Unlike Jamie, who I’m sure had secrets of her own; Jasmine was an entirely different story. She was a liar, and a brilliant one at that, and all her lies deserved to be revealed. I was never sure of the reason for her lies, but it had should not have mattered. She was feeding everyone around her lies about how perfect her life was, and in taking in these lies, we were composed entirely of lies. We had practically been her guinea pigs the entire time, the ones she could test her newest lies on, and determine whether they worked. I refused to be fooled by her charm, her façade of innocence, and by all the times that she had cried, as if she was truly human. In fact, she was human, but the kind that was free of feelings, of a moral conscience, and I was the kind that knew that everyone had to find out the truth, the kind that did humanity justice.

Nobody would be able to find out what I had done; after all, truth was a butterfly flying farther and farther away, as footsteps came closer, and I had personally taken on the task of assuring so. It was as if the butterfly of truth was no longer living, and I was pulling it by a string attached to its wing, while people foolishly chased the butterfly. The most magical of facts about this butterfly is that as one touches the ever-beautiful butterfly, it disappears and falls into broken pieces. That one person is the only person who has encountered the truth, until the truth disappears. There is no assurance that when the individual blabbers to their friends, the truth that they are gossiping about is really the truth. We fail to trust one another, once again, questioning everyone and every phrase spoken around us.
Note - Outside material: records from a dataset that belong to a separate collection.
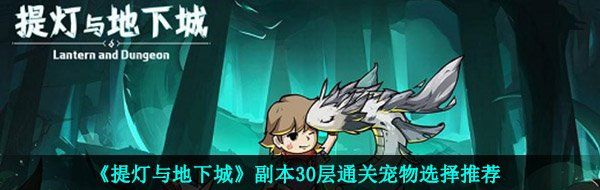 《提灯与地下城》副本30层通关宠物选择推荐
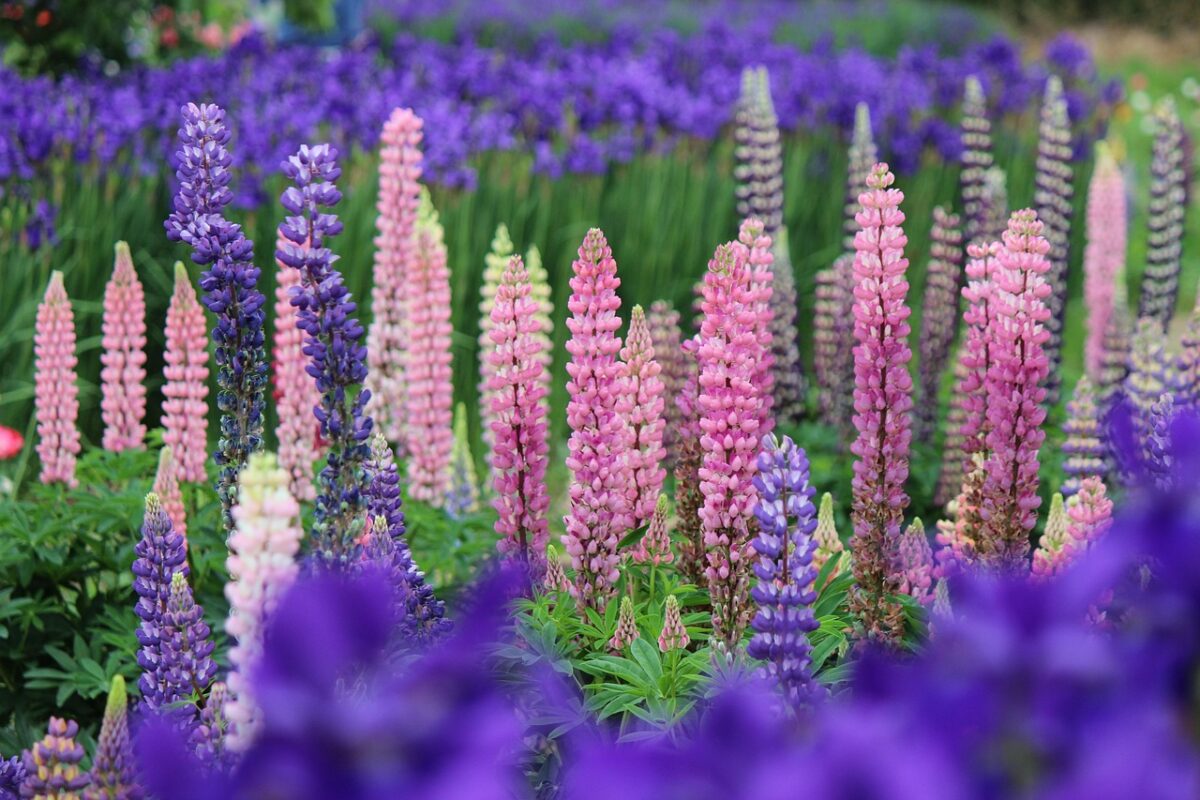 Lupin
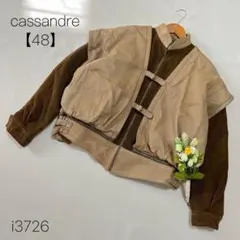 Item thumbnail for item 6fbc7c53-2856-469f-965d-336cecb11ed7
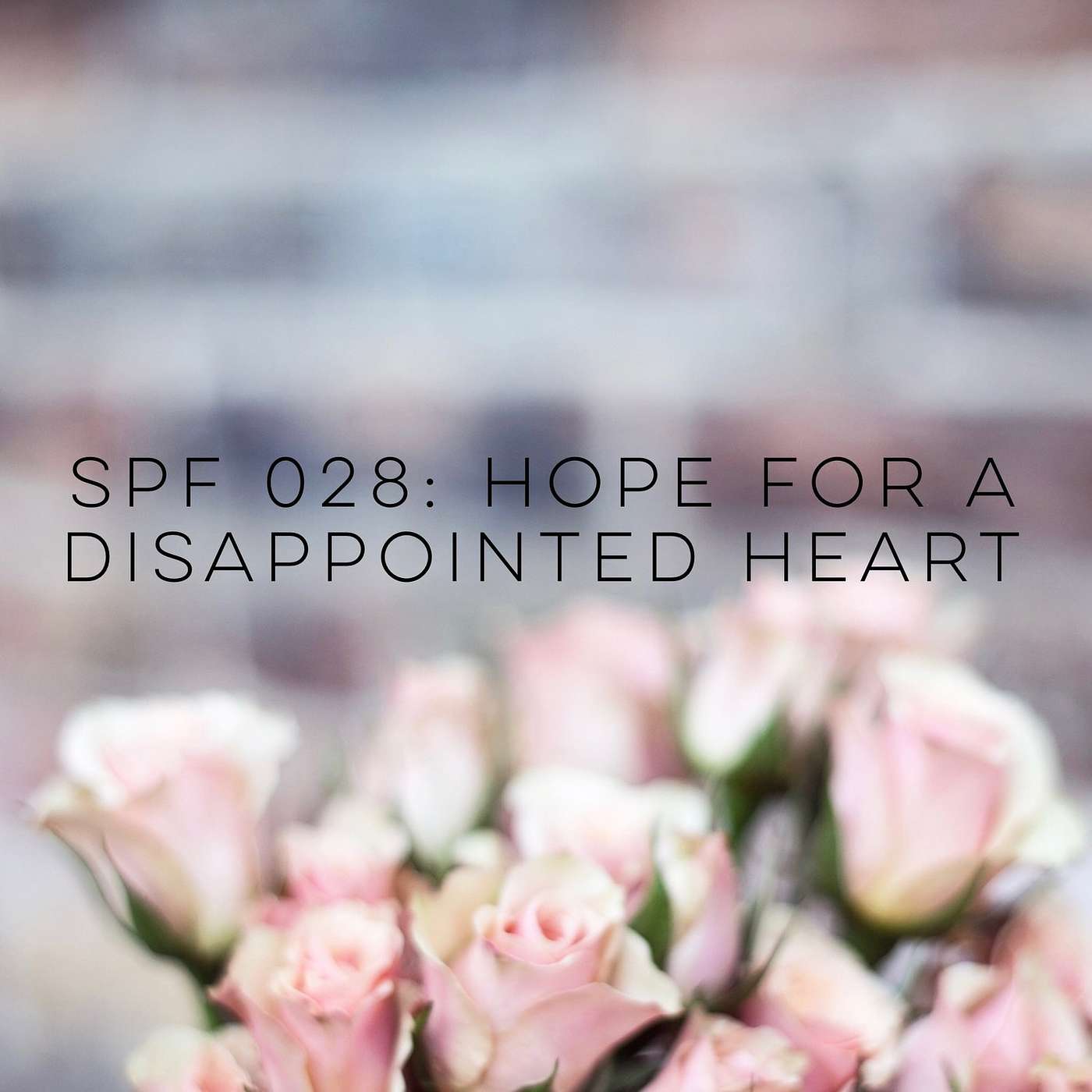 Episode 28: Hope for the Disappointed Heart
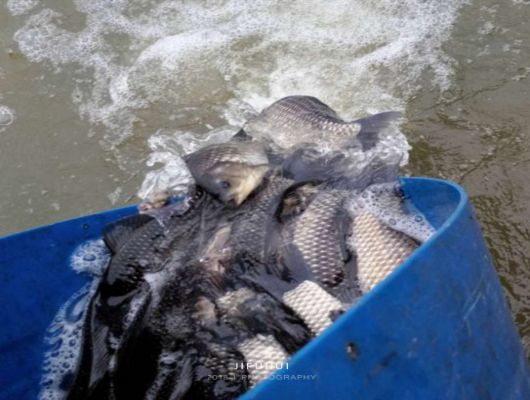 积福慧启建戊戌年第十七期放生法会!(已圆满) 积福慧启建戊戌年第十七期放生法会!(已圆满)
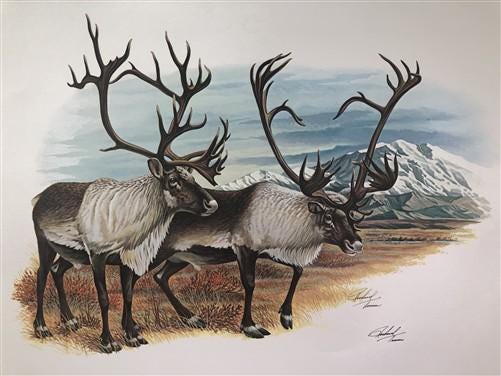 Art & Collectibles > Prints > Lithographs - Richard Timm, Ground Caribou, Signed Print, 28x22 Wade Collection, Plate 36 by...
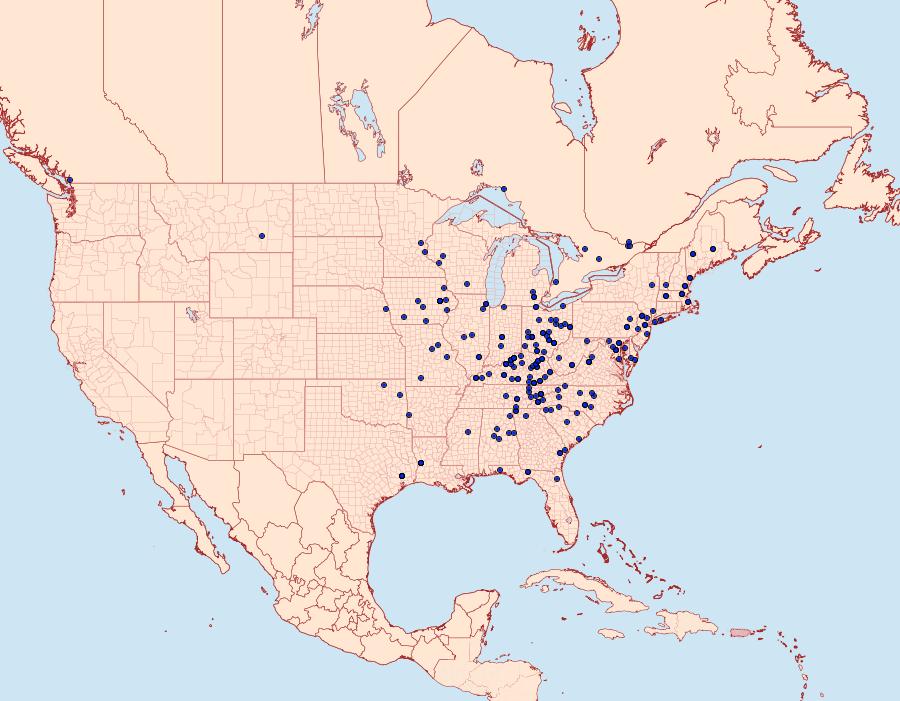 Distribution Data for Plagodis fervidaria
Still, I was continuously carrying the dead weight of the butterfly around, and at that point in my life, I had found pleasure in doing so, that is building a web of lies, controlling the world around me. After all, I held the butterfly in my hands. When I had told everyone about Jasmine’s lies, I had failed to realize that the butterfly had previously laid eggs, created more of its own kind, and its offspring would, in the long run, carry the truth to all the other girls at school. In grasping so, I became a nervous wreck, already planning my next lie to her, while the world proceeded to pursue the truth.